今秋一番の期待馬はトーホウジャッカル

 JRA開催は既に上半期が終了。コパノリッキーのフェブラリーS連覇、ドゥラメンテの皐月賞&ダービー2冠、そして相変わらず破天荒キャラだったゴールドシップ…。馬券で笑った人も泣いた人も、記憶に残る前半戦だったのではないか。

 下半期のJRAではスプリンターズS(10月4日・中山)を皮切りに、11の平地G1が行われる。主役不在の菊花賞、混戦が予想されるマイルCS、さらには新たなスター誕生となる2歳戦など楽しみなレースがそろう。「秋はどの馬に注目しているの?」。最近、よく聞かれるが、胸を張って張ってこう答えている。「トーホウジャッカル」と-。

 宝塚記念(4着)のレース後、検量室周辺での取材シーンが印象に残る。「もっと信頼して乗るべきだった。慎重に乗り過ぎた」。そう言って酒井学騎手が悔しそうな表情で引き揚げてきた。外枠だったため終始外を回る形。壁をつくれず、道中は行きたがるそぶりを見せていた。長期休養明けで普通なら息切れするところだが、史上最短のキャリアで昨年の菊花賞をレコード勝ちしたG1馬はひと味違った。直線は一瞬“勝つんじゃないか”と思わせる伸び。最後は前と脚色が同じになり、かわすまではいかなかったが、存在感を十分に示した。

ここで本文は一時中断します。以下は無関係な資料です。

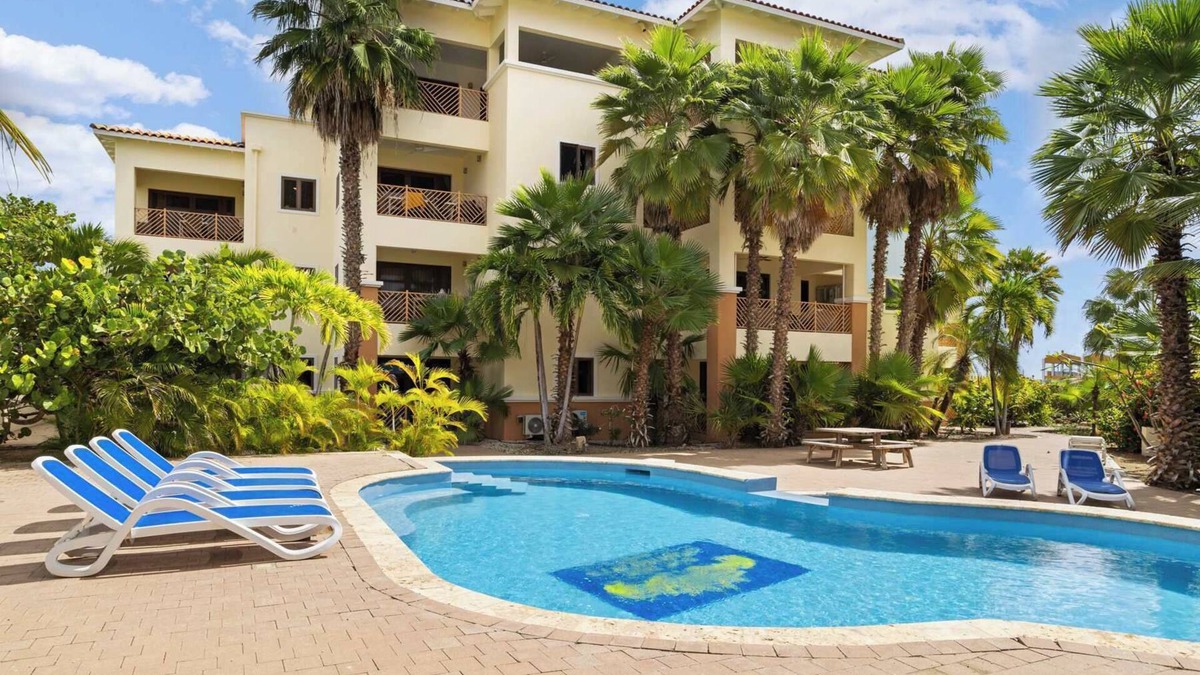 Hato Apartment | Bon Bida Papagayo with a breezy outdoor terrace perfectly set on the trade winds
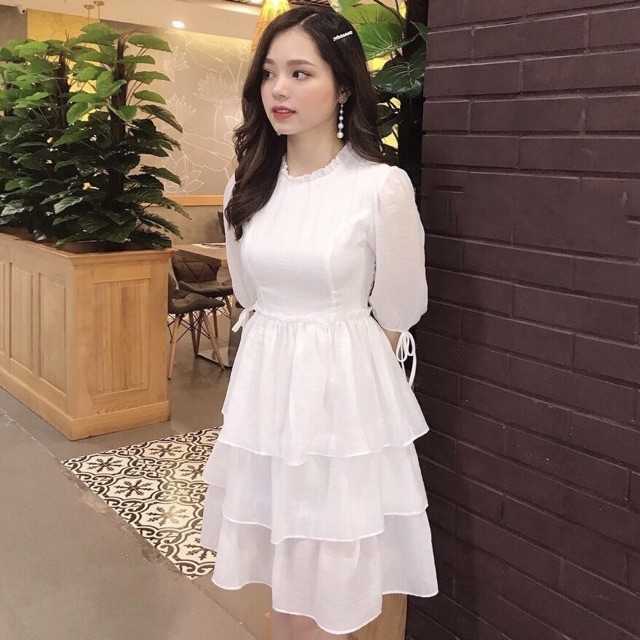 [HCM]Đầm trắng cổ tròn 3 tầng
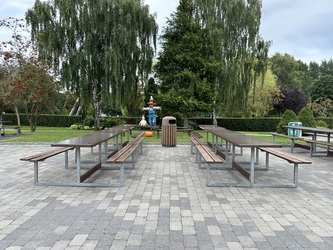 Djurs Sommerland -  Parkering, indgang og rundt i parken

 「1回でも使ってから、ここを走らせたかったなあ」。そんなため息が漏れるのも当然だった。調教中に右前脚の爪を傷め、今春の始動戦に予定していた阪神大賞典を回避。回復に時間がかかり、天皇賞・春もパスすることになった。結局、前哨戦を使えず宝塚記念はぶっつけ本番。菊花賞以来、8カ月ぶりだったのが悔やまれる。

 デビュー戦が昨年のダービー前日。既走馬相手の未勝利戦は10着に敗れた。この時のファーストコンタクトで酒井騎手は「かなり走る」と手応えをつかんだという。未勝利、500万下と連勝し、玄海特別(1000万下)は2着。レース後、鞍上は谷潔調教師に「1800から2000メートルがベストだと思います」と伝えた。中距離向きだと思っていた馬が、菊花賞馬に-。着実に力をつけ、成長する相棒は想像をはるかに超えていた。

 菊花賞を勝ち、不利な条件で挑んだ宝塚が4着。主戦は今、どの距離に適性を感じているのか。「実際のところは分からないですね(笑い)」。1600、1800、3000メートルと、勝った距離が全て違うオールラウンダー。ベストの条件はつかめないという。では、下半期で手応えのあるG1は?と聞くと、同騎手は「ジャパンC(11月29日・東京)」と即答した。

 「たとえ外枠を引いても、府中の2400メートルなら内に潜り込みやすい。前に馬を置けば折り合いもつくから。直線もばらけるし、さばきやすい。長い直線もいい」と、秋に予定する大舞台に胸を躍らせている。無限の可能性を秘めている4歳馬。今後の活躍が楽しみでならない。